When war broke out between France and Germany in September 1939, Corrigan chose to remain in Paris as a neutral American citizen at the Ritz Hotel, where she had long maintained a suite. She founded an aid group for Allied servicemen called "La Bienvenue" and cultivated high-ranking Nazi officials in Paris, including Hermann Goering. After France was invaded by Germany in 1940, Corrigan moved to the unoccupied Vichy, where she became known as the "American Angel" for helping to fund the French Resistance and aid refugees. Her income was reduced to only $500 a month by the State Department as part of wartime controls on the movement of money overseas, so she sold her furniture, jewelry, and other valuables in order to continue funding her refugee and resistance activities. In 1942 she escaped to England via Portugal, and devoted herself to organizing relief for French refugees and soldiers.
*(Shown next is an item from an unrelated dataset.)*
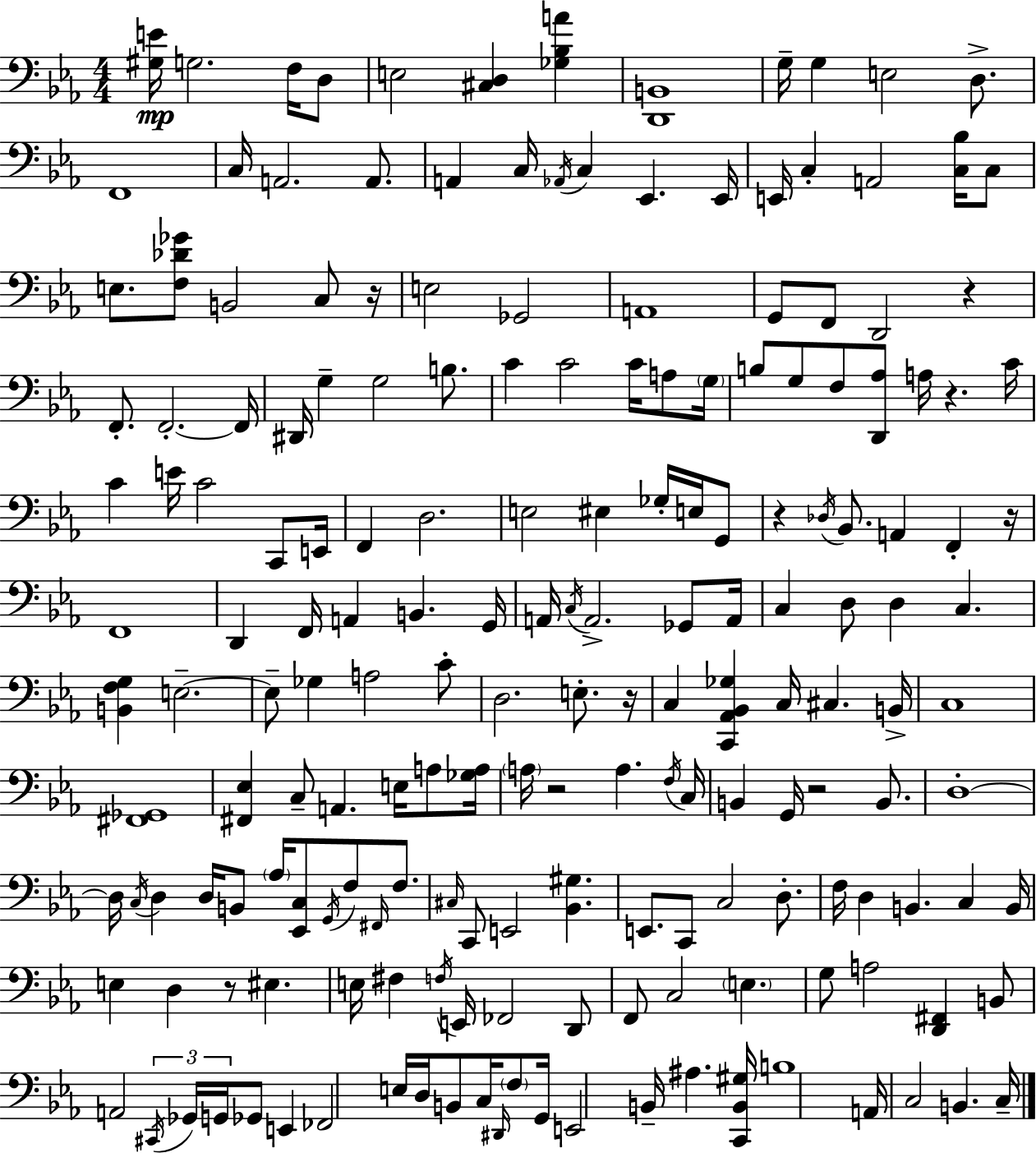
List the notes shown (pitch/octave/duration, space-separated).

[G#3,E4]/s G3/h. F3/s D3/e E3/h [C#3,D3]/q [Gb3,Bb3,A4]/q [D2,B2]/w G3/s G3/q E3/h D3/e. F2/w C3/s A2/h. A2/e. A2/q C3/s Ab2/s C3/q Eb2/q. Eb2/s E2/s C3/q A2/h [C3,Bb3]/s C3/e E3/e. [F3,Db4,Gb4]/e B2/h C3/e R/s E3/h Gb2/h A2/w G2/e F2/e D2/h R/q F2/e. F2/h. F2/s D#2/s G3/q G3/h B3/e. C4/q C4/h C4/s A3/e G3/s B3/e G3/e F3/e [D2,Ab3]/e A3/s R/q. C4/s C4/q E4/s C4/h C2/e E2/s F2/q D3/h. E3/h EIS3/q Gb3/s E3/s G2/e R/q Db3/s Bb2/e. A2/q F2/q R/s F2/w D2/q F2/s A2/q B2/q. G2/s A2/s C3/s A2/h. Gb2/e A2/s C3/q D3/e D3/q C3/q. [B2,F3,G3]/q E3/h. E3/e Gb3/q A3/h C4/e D3/h. E3/e. R/s C3/q [C2,Ab2,Bb2,Gb3]/q C3/s C#3/q. B2/s C3/w [F#2,Gb2]/w [F#2,Eb3]/q C3/e A2/q. E3/s A3/e [Gb3,A3]/s A3/s R/h A3/q. F3/s C3/s B2/q G2/s R/h B2/e. D3/w D3/s C3/s D3/q D3/s B2/e Ab3/s [Eb2,C3]/e G2/s F3/e F#2/s F3/e. C#3/s C2/e E2/h [Bb2,G#3]/q. E2/e. C2/e C3/h D3/e. F3/s D3/q B2/q. C3/q B2/s E3/q D3/q R/e EIS3/q. E3/s F#3/q F3/s E2/s FES2/h D2/e F2/e C3/h E3/q. G3/e A3/h [D2,F#2]/q B2/e A2/h C#2/s Gb2/s G2/s Gb2/e E2/q FES2/h E3/s D3/s B2/e C3/s D#2/s F3/e G2/s E2/h B2/s A#3/q. [C2,B2,G#3]/s B3/w A2/s C3/h B2/q. C3/s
She ran a popular club for airmen called the Wing's Club near RAF Wing in Buckinghamshire. In recognition of her heroism, she was awarded the Croix de Guerre, the Legion of Honor and Croix du Combattant by the postwar French Republic, as well as the King's Medal for Service in the Cause of Freedom from the British government.

==Death==
Corrigan died on January 22, 1948, while she was in New York City visiting her sister. She was buried with her husband in Cleveland's Lake View Cemetery.